## Collected data
********************
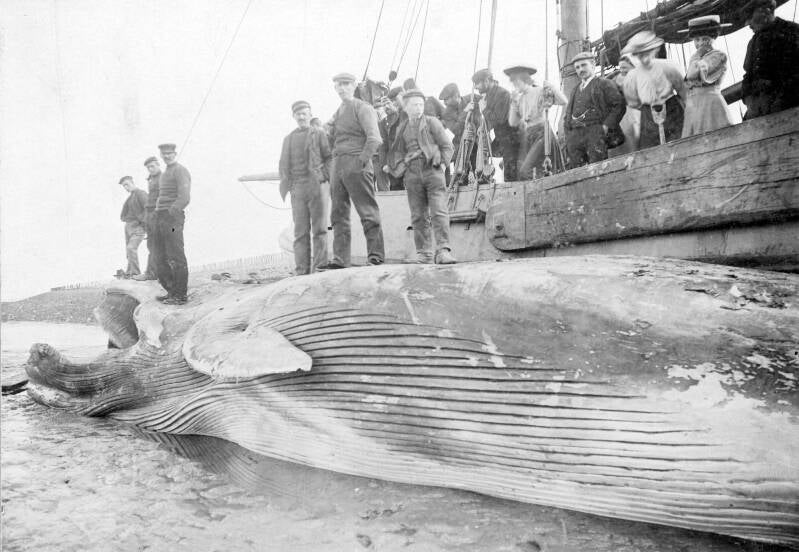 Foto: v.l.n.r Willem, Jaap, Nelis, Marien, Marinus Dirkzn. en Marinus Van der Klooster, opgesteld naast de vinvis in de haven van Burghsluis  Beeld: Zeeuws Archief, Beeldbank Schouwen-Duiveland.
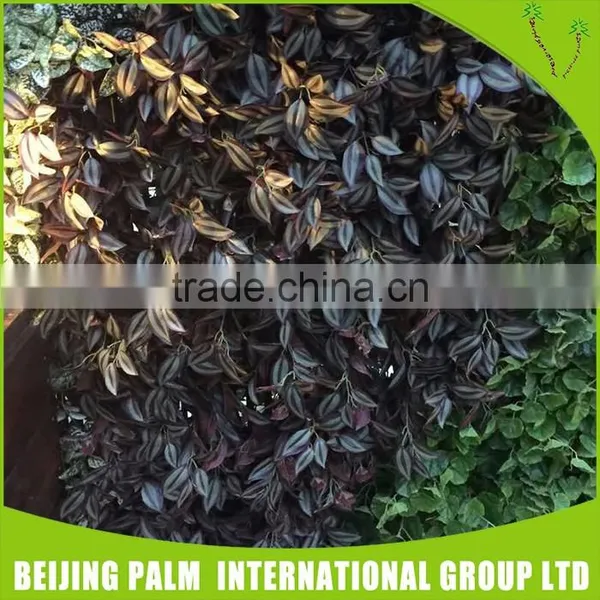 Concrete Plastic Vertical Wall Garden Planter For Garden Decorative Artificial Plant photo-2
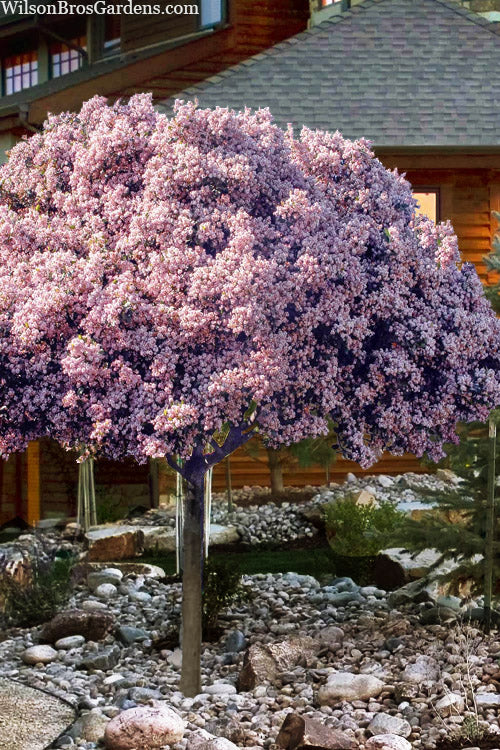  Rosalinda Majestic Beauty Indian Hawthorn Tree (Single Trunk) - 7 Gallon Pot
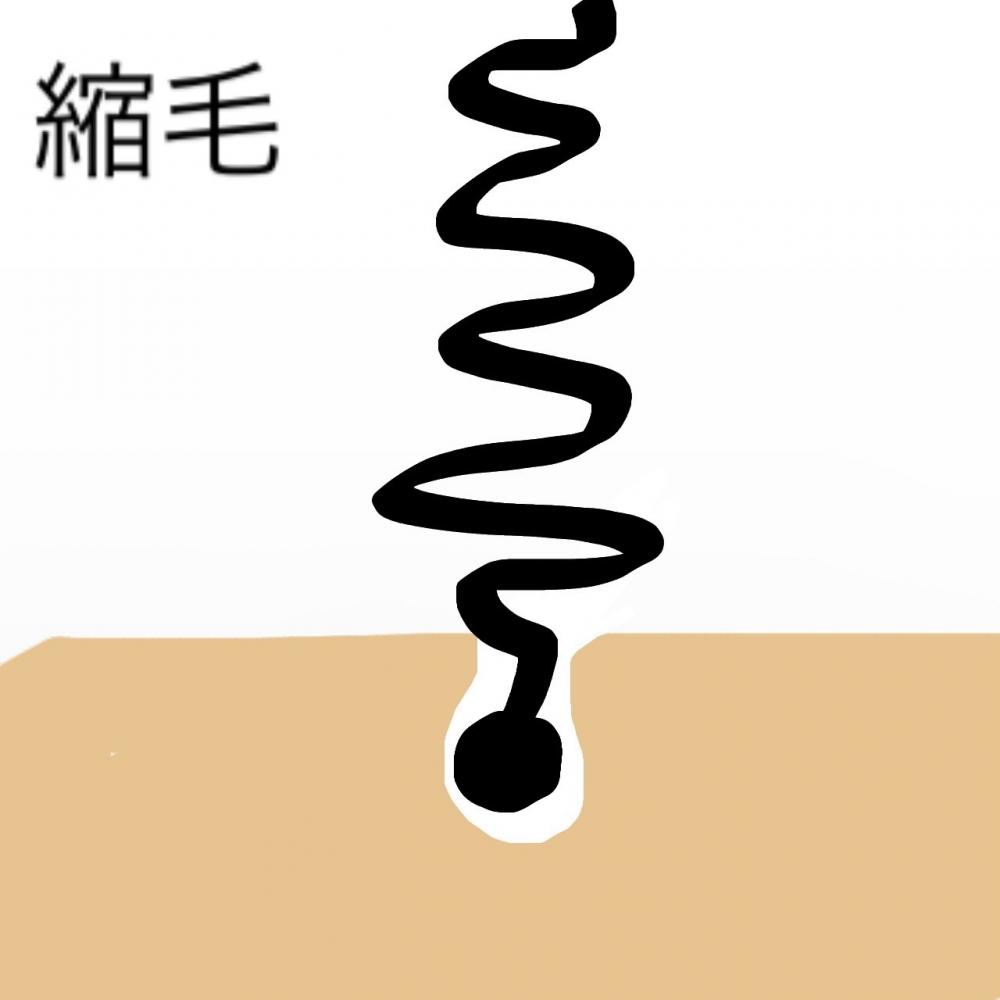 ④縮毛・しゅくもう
********************
Keep the pictures out of your copy. Copy only the lines from the line that holds "Rosalinda Majestic Beauty" through the last line of the listing above, both included.

## Your solution
  Rosalinda Majestic Beauty Indian Hawthorn Tree (Single Trunk) - 7 Gallon Pot
 ④縮毛・しゅくもう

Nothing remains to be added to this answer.